According to the US Census Bureau, the [2010 Census](https://www.census.gov/geo/reference/ua/urban-rural-2010.html) quantified urban areas as encompassing a minimum of 2,500 people, including at least 1,500 in the surrounding area. The US Census defines two types of urban areas, categorized by population: **Urbanized Areas** (UAs) with 50,000 or greater, and **Urban Clusters** (UCs) with 2,500 up to 50,000. After 2010, [around 500 UAs and 3,000 UCs](https://www.census.gov/geo/reference/ua/uafacts.html) were defined in the US. Around 80 percent of the US population was living within urban areas at this time.  

>'Rural' encompasses all population, housing, and territory not included within an urban area.  

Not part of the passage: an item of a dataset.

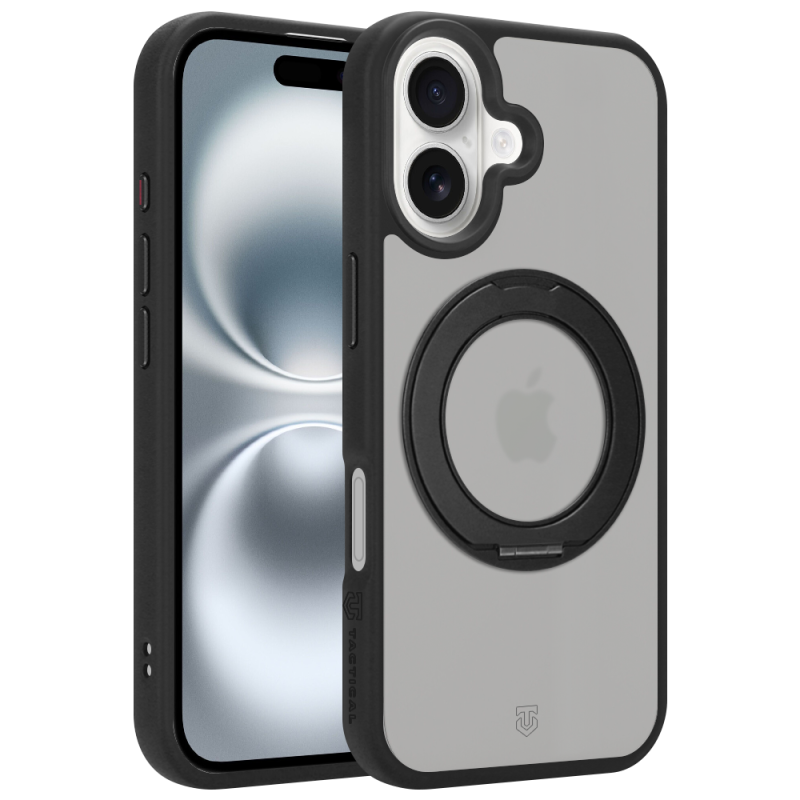 Tactical MagForce Hyperstand tok az Apple iPhone 16-hoz, Asphalt színben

Interestingly, "rural" lacks its own discrete definition. The Census Bureau defines "rural" in terms of the "urban" - as being excluded from the urban area.

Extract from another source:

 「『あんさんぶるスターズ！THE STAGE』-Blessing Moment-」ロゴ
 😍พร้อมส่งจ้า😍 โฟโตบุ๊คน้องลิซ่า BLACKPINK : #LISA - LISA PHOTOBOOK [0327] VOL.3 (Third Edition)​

Another way of measuring an area's degree of 'urban' is through [**Metropolitan** and **Micropolitan** areas](https://www.census.gov/library/publications/2012/dec/c2010sr-01.html). These are better suited for many inquiries as opposed to overly large states or too many small counties. These alternate areas are "socially and economically integrated groupings of one or more counties" and "provide appropriately detailed geographic analysis as well as good mapping units for a national overview."

### Other Definitions

In England and Wales, the units are called **'Output Areas'**. Here, 'urban' does not have one single definition due to varying criteria. The Office for National Statistics determines 'urban' on the basis of having [greater than 10,000 people](https://www.ons.gov.uk/methodology/geography/geographicalproducts/ruralurbanclassifications/2011ruralurbanclassification). Around 80% of England's population lived in urban areas in 2011. 
Similar to the US, 'rural' is also classified as simply *not being urban* in the UK. There are more categories to describe a rural area (town and fringe, village, hamlet and isolated dwellings), as well as each type being ["sparse" or "less sparse"](https://webarchive.nationalarchives.gov.uk/20160107121407/http://www.ons.gov.uk/ons/guide-method/geography/products/area-classifications/rural-urban-definition-and-la/rural-urban-definition--england-and-wales-/index.html).

A different theoretical definition of urban areas includes not only a high population count, but that population *density* being higher as well. This characteristic is accompanied by the connotation of a large built environment, including skyscrapers, mass transportation, large commercial land use, and bustling city streets. Additionally, just outside of this "urban core" described above, is the theoretical understanding that the greater urbanized area is surrounded by areas of varying degrees of high population, mixed land uses (including some residential), and satellite cities, all of which are connected to the core.  

### Data Source

The data used for this lab is provided by the State of Washington Office of Financial Management's [**Small Area Estimates Program** (SAEP)](https://www.ofm.wa.gov/washington-data-research/population-demographics/population-estimates/small-area-estimates-program).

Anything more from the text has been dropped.